Die Lösung der FinVerw führt planmäßig zu einem unzutreffenden (idR zu hohen) verteilungspflichtigen (Netto-)Aufwand. Richtigerweise in den Saldierungsbereich einzubeziehen ist der nach bilanzsteuerrechtlichen Maßstäben zu ermittelnde Verpflichtungsbestand am Übertragungsstichtag TEUR 75, was zu einem verteilungspflichtigen Aufwand iH von TEUR 25 führt.

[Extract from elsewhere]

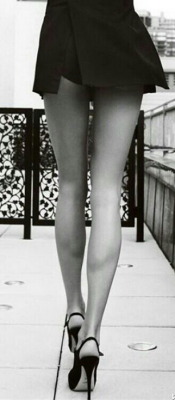 stunning-legs:  Stunning Legs http://stunning-legs.tumblr.com/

Der verteilungspflichtige Aufwand ist bezogen auf den Übertragungsstichtag zu ermitteln (ebenso Bolik/Selig-Kraft, DStR 2017, 171; Bolik/Selig-Kraft, NBW 2018, 860; Prinz/Otto, GmbHR 2018, 500; Kahle/Braun, FR 2018, 201; Schober in H/H/R, § 4f EStG Rz 12 (August 2018)). Insoweit liegt kein "fiktiver Passivposten" vor (so aber BMF v 30.11.2017, BStBl I 2017, 1619 Rz 18), sondern ein auf den Übertragungsstichtag fortentwickelter Passivposten. Die abweichende Verwaltungsauffassung kann je nach Entwicklung der Verpflichtung zu Lasten (siehe Bsp) oder auch zu Gunsten des StPfl wirken. Wurde die übertragene Verpflichtung erst im Übertragungsjahr begründet, so dass zum vorangehenden Bilanzstichtag ein Passivposten noch nicht bestand, scheidet bei konsequenter Umsetzung der Rz 18 des BMF-Schreibens eine Saldierung aus. Dies steht im Widerspruch sowohl zum Wortlaut der Norm als auch zum Regelungszweck, aufgedeckte stille Lasten (nicht hingegen die volle Gegenleistung) einer Streckung der Abzugsfähigkeit zu unterwerfen. Dieser Fall wird aber ohnehin überlagert von Rz 3 des BMF-Schreibens, in der für die Anwendbarkeit des § 4f EStG die (dem Gesetz nicht zu entnehmende) Voraussetzung formuliert wird, dass die Verpflichtung an dem der Übertragung vorangegangenen Bilanzstichtag bereits bestanden haben muss (s Rn 47), was im Bsp nicht der Fall wäre, so dass nach Wertung der FinVerw ein Aufwand aus der Realisation stiller Lasten (wohl) sofort abziehbar wäre.

 

Rn. 68

Stand: EL 151 – ET: 06/2021

Verteilung des übersteigenden Aufwands: Der den aufgelösten Passivposten übersteigende Betrag, der die stillen Lasten der Verpflichtung repräsentiert, ist im Wj der Übertragung der Schuld und den nachfolgenden 14 Wj gleichmäßig verteilt als BA abzuziehen, dh im Wj der Lastenrealisation zunächst iH von 14/15 außerbilanziell hinzuzurechnen, in den folgenden 14 Wj jeweils um 1/15 außerbilanziell zu kürzen.